▶ [WHAT YOU SHOULD DO] I would like every record reproduced exactly, with the pictures left out.

(Saved data entries)
◆ ◆ ◆ ◆ ◆ ◆ ◆

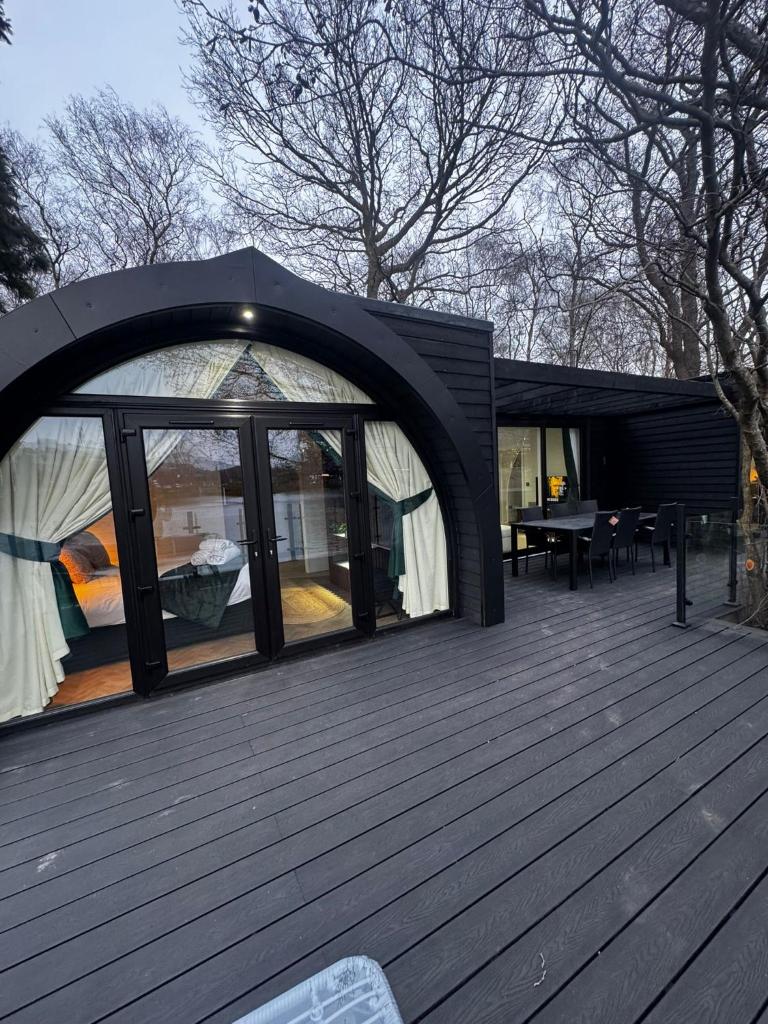 AvantGlamp 5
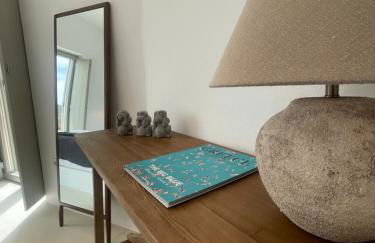 Saliagos villas complex with private pools - Foto 64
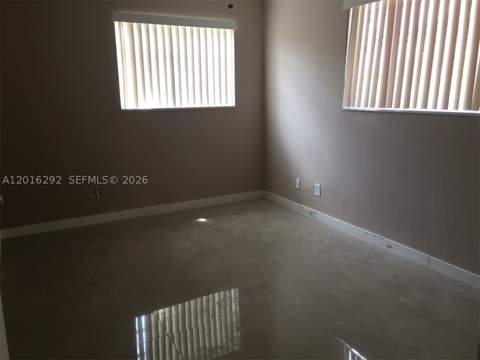 1800 NW 19th St 9, Miami FL - photo 12 of 12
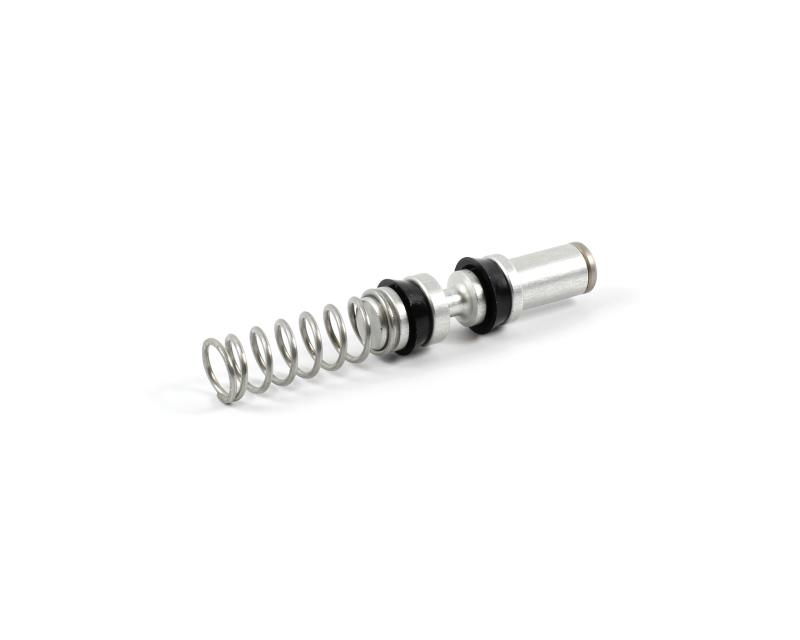 Hope Pistón de bomba Tech 3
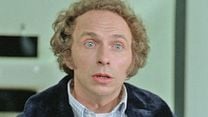 image de la vidéo Pierre Richard en cavale Bande-annonce VF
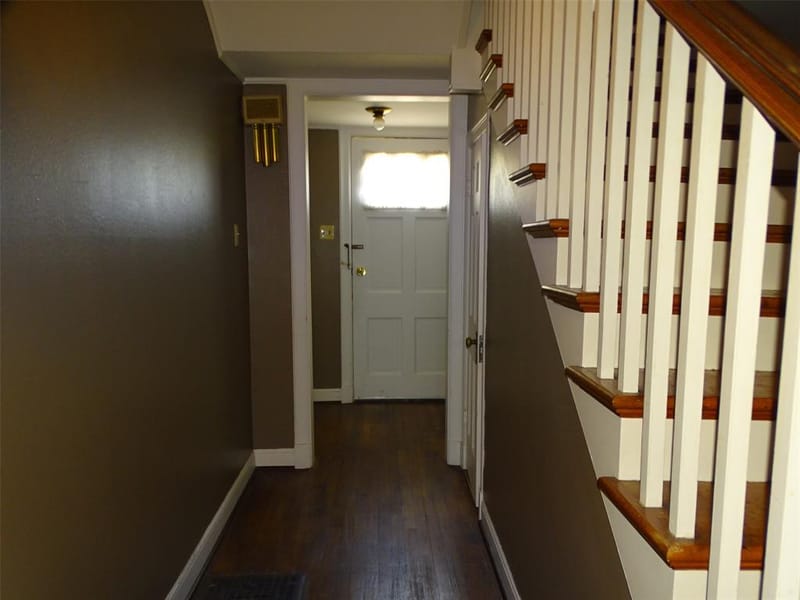 408 W Tyler Street, Ennis TX 75119 - Photo 23
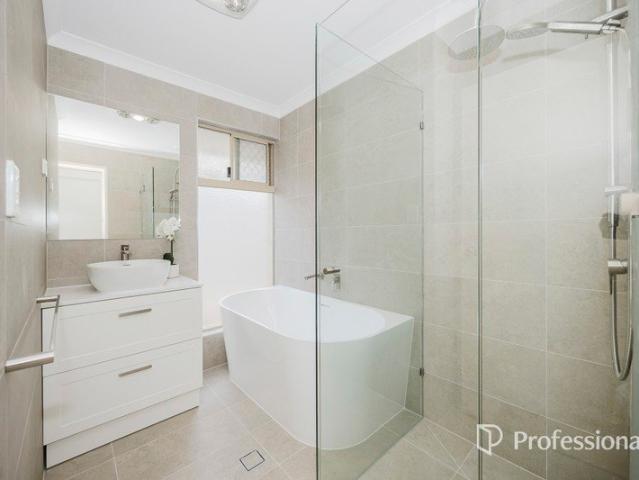 House for sale in Marangaroo, Western Australia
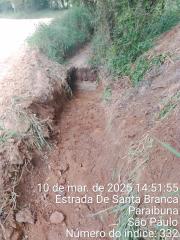 WhatsApp Image 2025-03-10 at 15.03.43 (1)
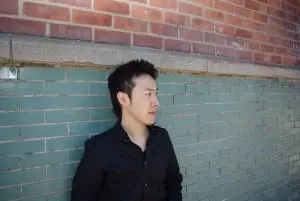 GuitaristâHiroyaâTsukamotoâ
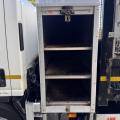 ISUZU N75.150 EURO 6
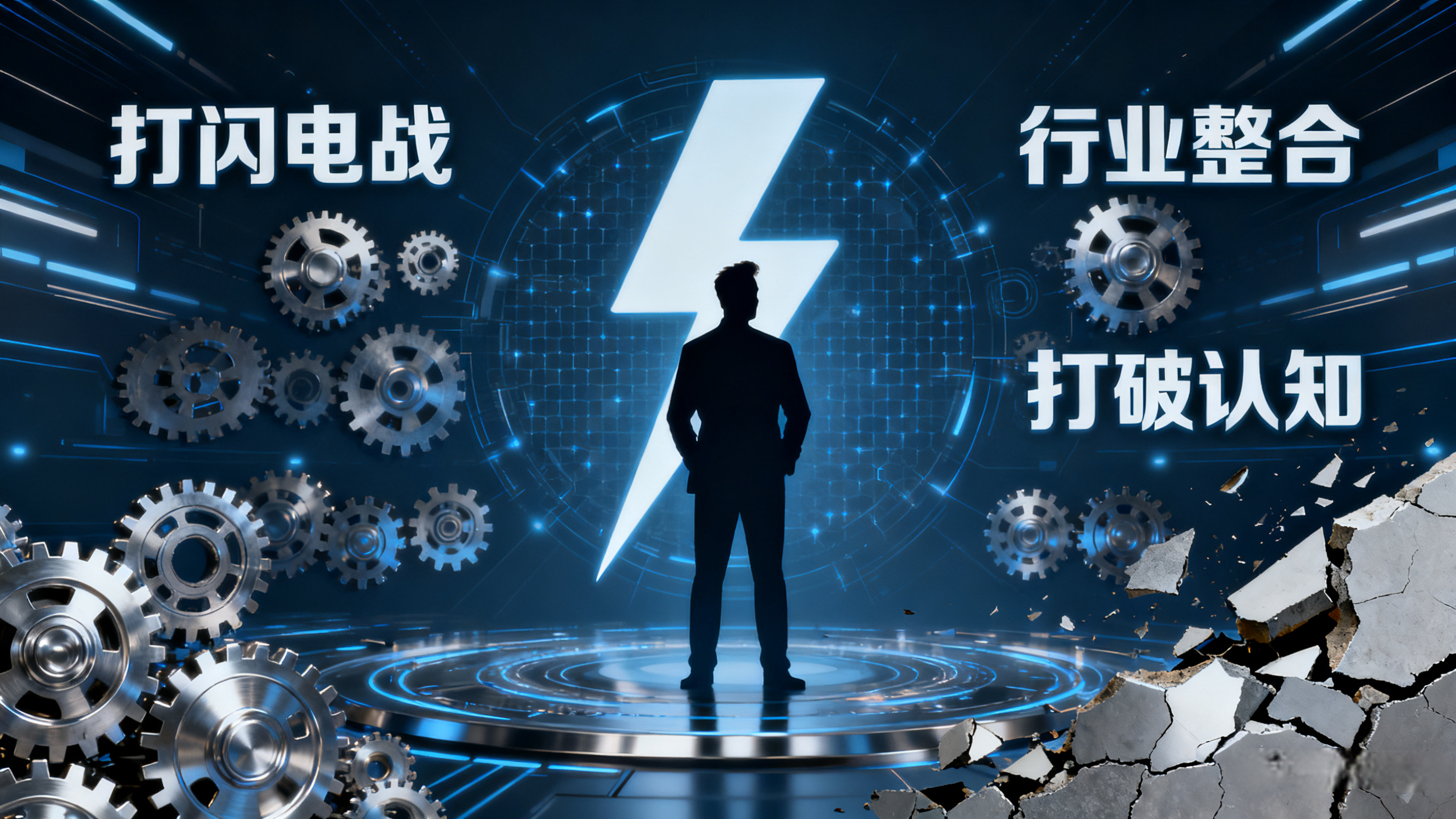 马斯克万亿美元薪酬方案被拒特斯拉给马斯克开出了1万亿美元薪酬方案，但本质是对赌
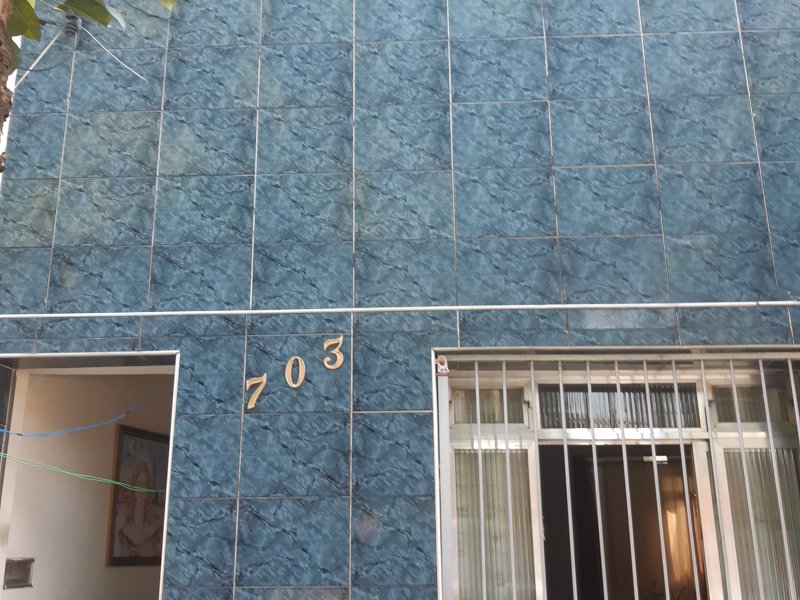 Apartamento à venda Mooca com 140m² e 3 quartos por R$ 750.000 - 853367205-20190118-101317.jpg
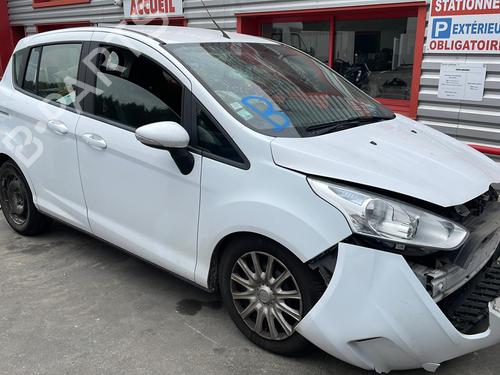 FORD B-MAX (JK) 1.5 TDCi 1885274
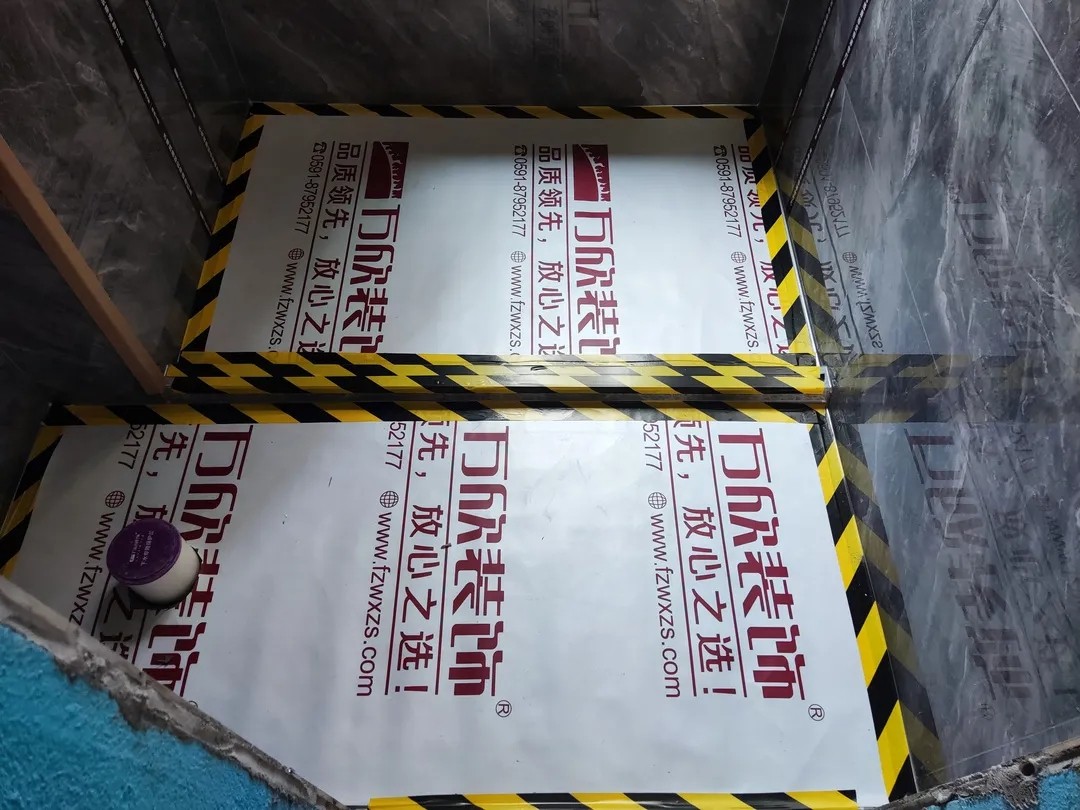 10.webp.jpg 10.webp.jpg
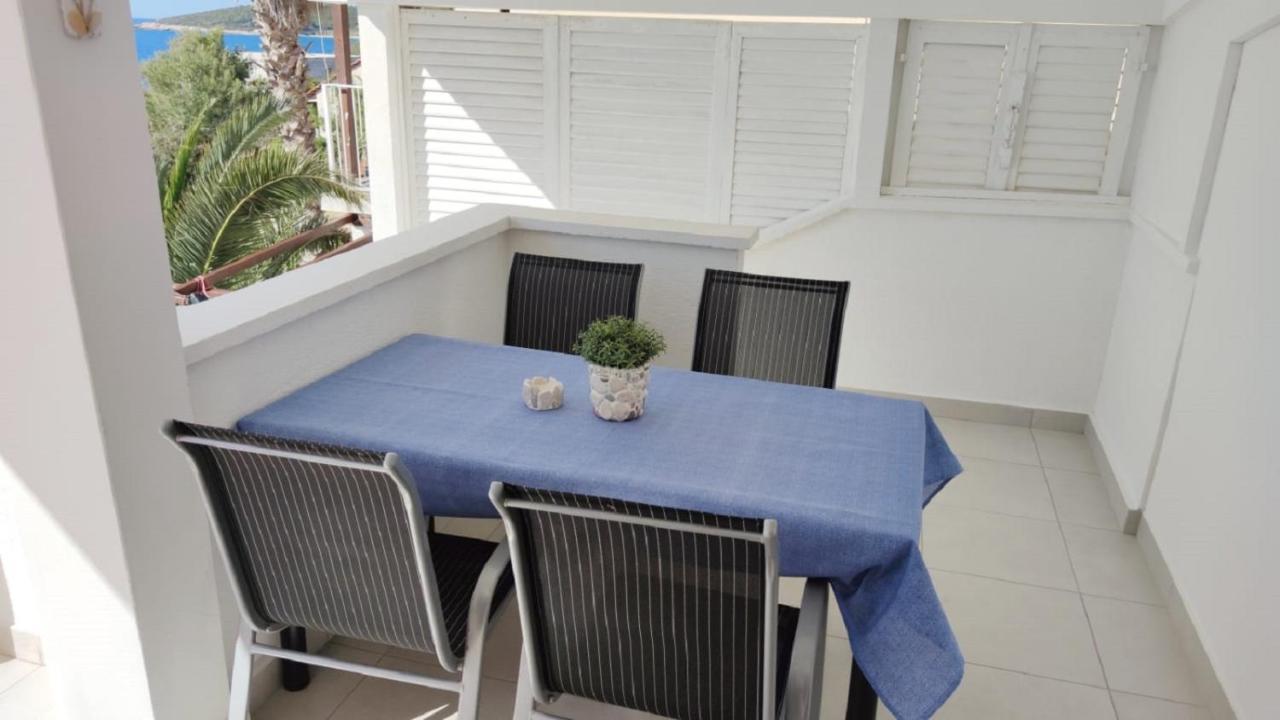 Apartments Rak فيس المظهر الخارجي الصورة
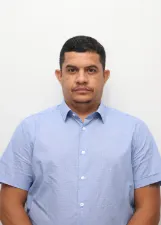 Wesley Coelho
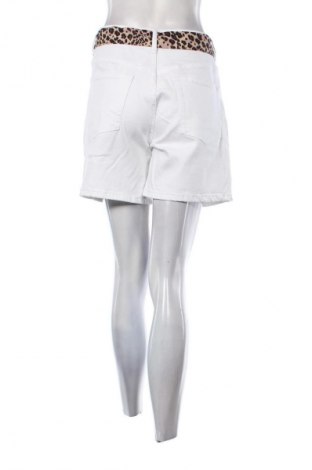 Дамски къс панталон Ana&Ava, Размер L, Цвят Многоцветен, Цена 56,24 €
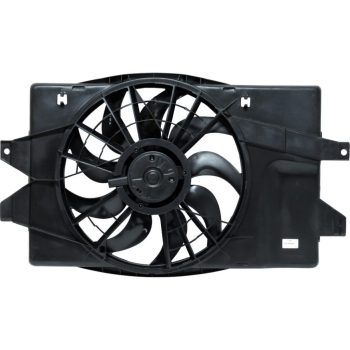 Radiator Fan FA 50032C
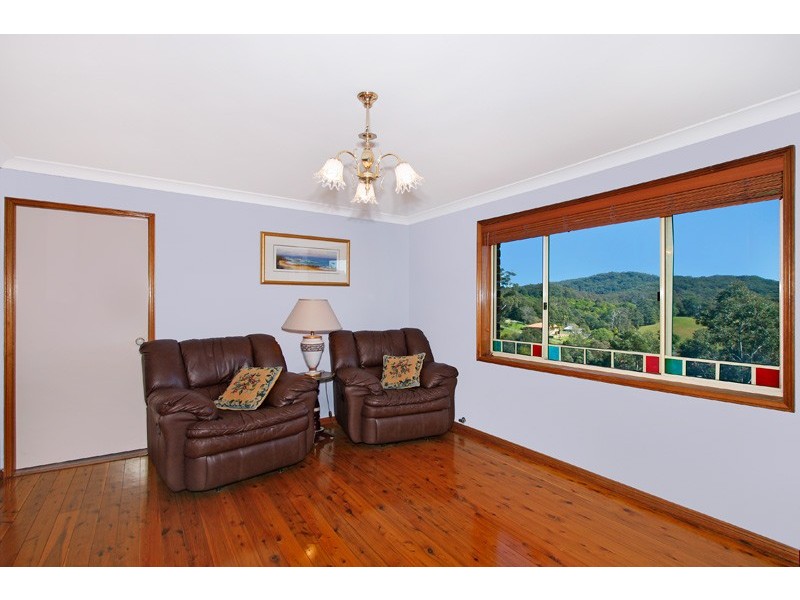 7 Denison Close, Terrigal NSW 2260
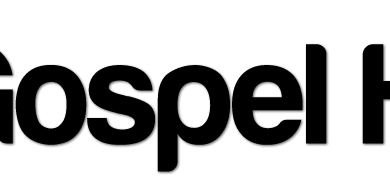 gospelhouselogo-title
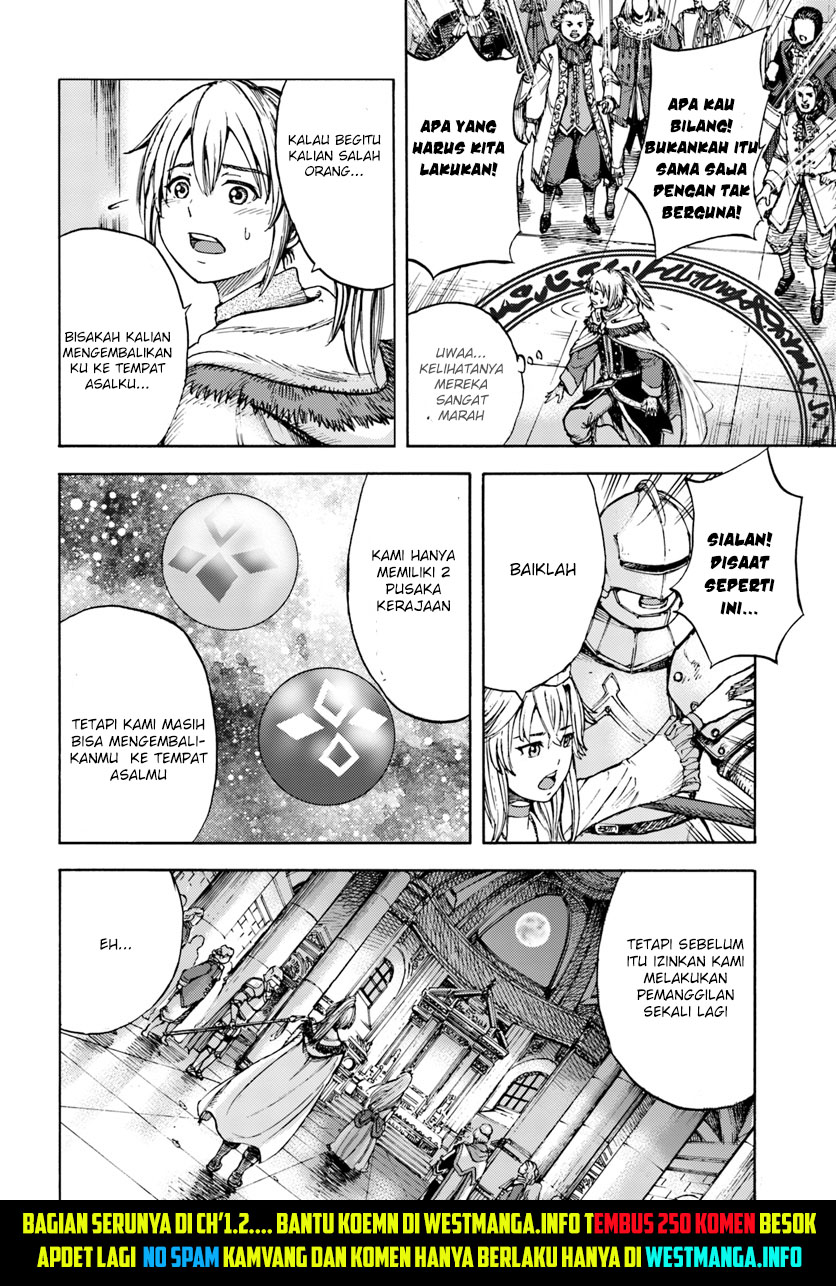 Chapter 1.1 - halaman 22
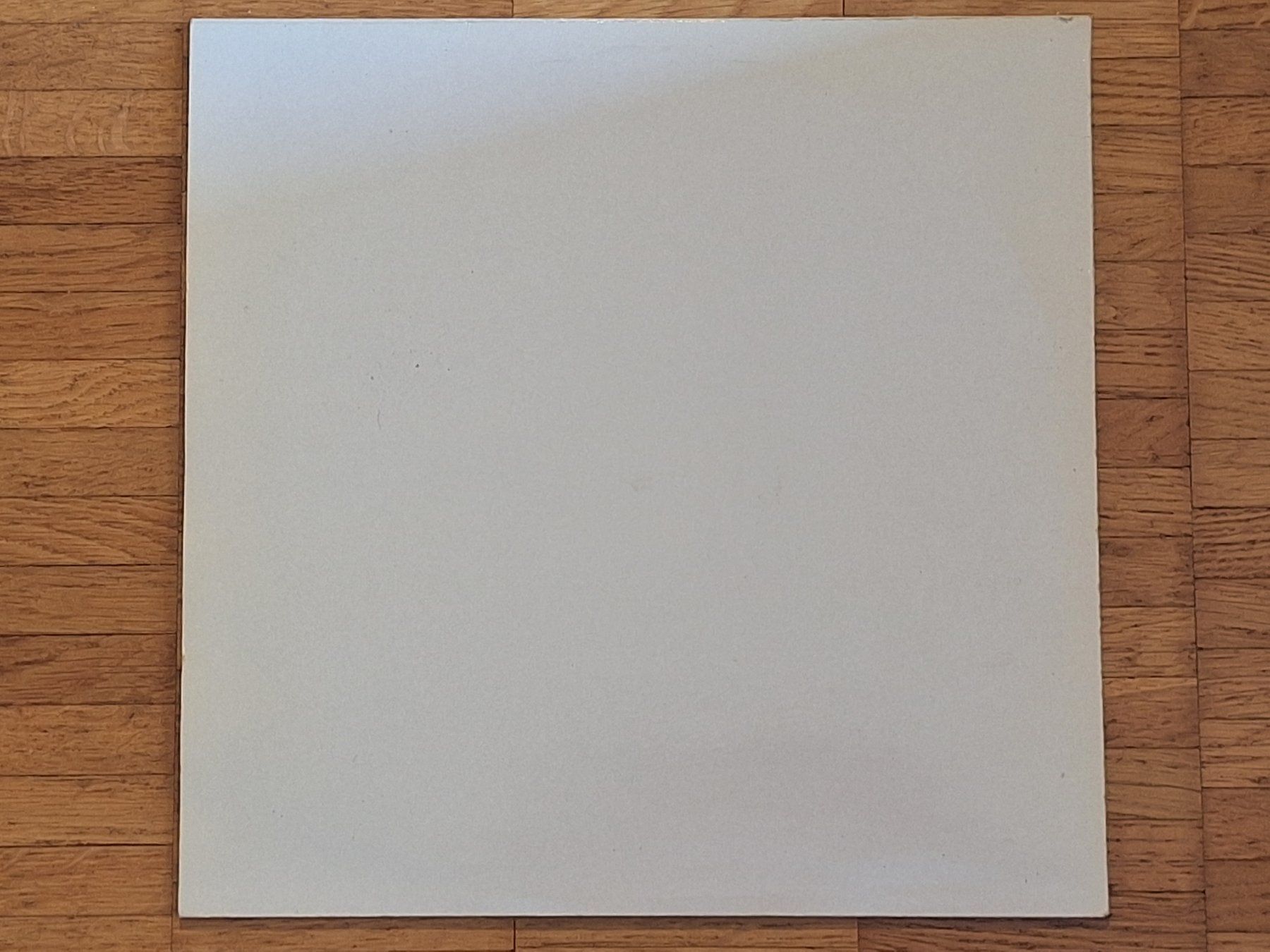 Schallplatten: Absolute Beginner, Bambule Beats - 2 Vinyl LP DE1998 – Neu (gemäss Beschreibung) aus Oberentfelden von Musicud 1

◆ ◆ ◆ ◆ ◆ ◆ ◆

▶ [TASK RESULT]
 AvantGlamp 5
 Saliagos villas complex with private pools - Foto 64
 1800 NW 19th St 9, Miami FL - photo 12 of 12
 Hope Pistón de bomba Tech 3
 image de la vidéo Pierre Richard en cavale Bande-annonce VF
 408 W Tyler Street, Ennis TX 75119 - Photo 23
 House for sale in Marangaroo, Western Australia
 WhatsApp Image 2025-03-10 at 15.03.43 (1)
 GuitaristâHiroyaâTsukamotoâ
 ISUZU N75.150 EURO 6
 马斯克万亿美元薪酬方案被拒特斯拉给马斯克开出了1万亿美元薪酬方案，但本质是对赌
 Apartamento à venda Mooca com 140m² e 3 quartos por R$ 750.000 - 853367205-20190118-101317.jpg
 FORD B-MAX (JK) 1.5 TDCi 1885274
 10.webp.jpg 10.webp.jpg
 Apartments Rak فيس المظهر الخارجي الصورة
 Wesley Coelho
 Дамски къс панталон Ana&Ava, Размер L, Цвят Многоцветен, Цена 56,24 €
 Radiator Fan FA 50032C
 7 Denison Close, Terrigal NSW 2260
 gospelhouselogo-title
 Chapter 1.1 - halaman 22
 Schallplatten: Absolute Beginner, Bambule Beats - 2 Vinyl LP DE1998 – Neu (gemäss Beschreibung) aus Oberentfelden von Musicud 1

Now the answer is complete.